If car dies. Clutch good. 
Car runs. Clutch bad.


----------



## Diamond193 (Jul 28, 2019)

The clutch would go before the trans right ?


----------



## snowwy66 (Nov 5, 2017)

Not necessarily


----------



## ajy3639 (Nov 28, 2020)

snowwy66 said:


> With right foot on brake and trans in second gear. Slowly let the clutch out.
> 
> If car dies. Clutch good.
> Car runs. Clutch bad.


I went out and tried this, and it died right away, no slipping that I could notice. Also in case it’s relevant, I replaced the transmission fluid about 20k miles ago with amsoil synchromesh synthetic fluid.


----------



## Atstehley (Feb 11, 2019)

I have a slight feeling the "hesitations" you are feeling is the computer adjusting timing. You can visit this thread to learn more about it. Basically, run 93/91 fuel and gap a fresh set of plugs to .028" and it may get better.

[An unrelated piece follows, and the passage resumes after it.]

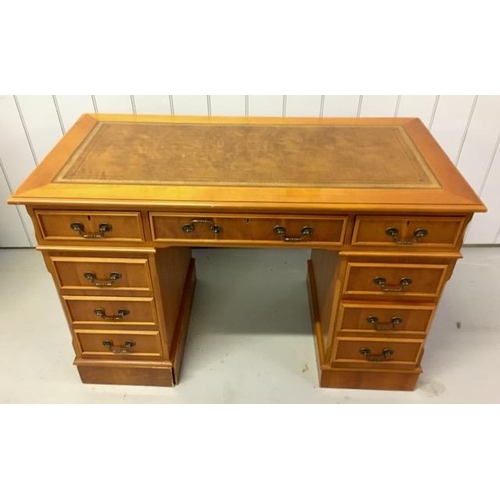 72 - A yew-veneered pedestal desk, with nine drawers. No key present. Left hand pedestal plinth will need...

Welcome to CruzeTalk! Feel free to check out the Facebook group. 

(Hesitation...GONE!)


----------



## pandrad61 (Jul 8, 2015)

A manual trans slip would be a bad clutch or pressure plate. Basically if it’s bad enough you’d mash the gas in gear clutch out and the rpms would spike and car go no where. Sounds like you’re having a engine concern not trans.


----------



## davidbanks927 (Jun 13, 2018)

ajy3639 said:


> Hi all, I have a 2015 LT with the 1.4T and the 6 speed manual transmission with right around 90k on the clock. Recently I’ve started to notice what feels like a slip in the transmission or maybe even a hesitation in then engine, but I’m leaning towards the transmission issue. When I’m in the higher gears (4-6 usually) and slightly / moderately accelerating, I feel multiple little hesitations in the cars acceleration. I don’t have the pedal to the floor, and the rpm’s are usually in the 2000-3000 range when it does this, and the hesitations are so quick that the tach doesn’t even register any changes in rpm. The only thing that makes me not 100% that it’s the transmission is that when I’m in lower gears starting from a dead stop, I can give it full throttle and there’s no slippage. If this was the clutch starting to go, wouldn’t it slip just as much in the lower gears as the high ones? The times when I’ve noticed it the most are when I’m going up a hill on the interstate and trying to hold speed or speed up a little. Also, no codes are being thrown either.
> Any help would be appreciated, thanks!


Hello, I have a 2011 1.4L 6speed manual and I have experienced the same hesitation consistently around 2500 rpms upon acceleration. I think the hesitation is really the engine is missing. I went with the NGK spark plugs in the thread below and that help but didn't totally fix the problem. Make sure the springs in the coil are fully extended, tight on the plug and square against the spark plug. I had some springs that were crooked and which made the engine miss more. I ended up replacing the whole coil pack and that fixed the problem for good.


----------



## ajy3639 (Nov 28, 2020)

davidbanks927 said:


> Hello, I have a 2011 1.4L 6speed manual and I have experienced the same hesitation consistently around 2500 rpms upon acceleration. I think the hesitation is really the engine is missing. I went with the NGK spark plugs in the thread below and that help but didn't totally fix the problem. Make sure the springs in the coil are fully extended, tight on the plug and square against the spark plug. I had some springs that were crooked and which made the engine miss more. I ended up replacing the whole coil pack and that fixed the problem for good.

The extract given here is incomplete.